Consider EVs as a promising preclinical research direction for sepsis-associated acute lung injury.

This publication is a review focusing on the potential of extracellular vesicles (EVs) and EV-inspired biomimetic nanosystems in the context of sepsis-associated acute lung injury. The scope of the article encompasses preclinical research rather than human clinical trials. No specific sample size, population details, or comparator groups are reported within this source. The primary and secondary outcomes, as well as follow-up durations, are not reported in the provided text.

The key argument synthesized by the authors is that EV-based biomimetic nanosystems represent a promising research direction that may complement existing anti-inflammatory strategies.
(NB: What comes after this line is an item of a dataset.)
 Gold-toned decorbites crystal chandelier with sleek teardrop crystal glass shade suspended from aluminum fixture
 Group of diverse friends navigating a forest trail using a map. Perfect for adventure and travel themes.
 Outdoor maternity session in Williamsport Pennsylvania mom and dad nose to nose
However, the authors explicitly highlight a significant limitation: most available evidence derives from preclinical studies. Because the evidence base is currently preclinical, the review cautions against inferring clinical efficacy from these observations.

Safety data, including adverse events, serious adverse events, discontinuations, and tolerability, are not reported in this review. The authors do not fabricate trial-level detail or invent specific adverse-event rates. The certainty of the findings is constrained by the preclinical nature of the data. Practice relevance is framed cautiously, suggesting these systems are a future possibility rather than a current standard of care.

Study Details

Study typeSystematic review

EvidenceLevel 1

PublishedApr 2026

View Original Abstract ↓

Sepsis-associated acute lung injury (ALI) remains a major challenge in intensive care units, characterized by dysregulated innate immune responses that drive both excessive inflammation and subsequent immunosuppression. In recent years, extracellular vesicles (EVs) and EV-inspired biomimetic nanosystems have attracted increasing attention as candidate platforms for modulating immune imbalance in ALI. This review summarizes recent advances in understanding the immunopathological mechanisms underlying sepsis-associated ALI, including macrophage polarization imbalance, excessive neutrophil extracellular trap (NET) formation, dendritic cell functional exhaustion, and dysregulation of key signaling pathways such as TLR4, NLRP3 inflammasome, and cGAS–STING. We further discuss how naturally derived EVs and engineered EV-mimetic carriers may influence these pathogenic processes through the delivery of bioactive cargoes, drawing primarily from preclinical observations. In addition, current strategies for pulmonary-targeted delivery, EV engineering approaches, and major translational considerations, including biosafety, manufacturing standardization, and quality control, are critically evaluated. Although most available evidence derives from preclinical studies, EV-based biomimetic nanosystems represent a promising research direction that may complement existing anti-inflammatory strategies by integrating immune modulation, inflammation control, and tissue repair. Continued mechanistic investigation and clinically relevant validation will be essential for determining their therapeutic feasibility in sepsis-associated ALI.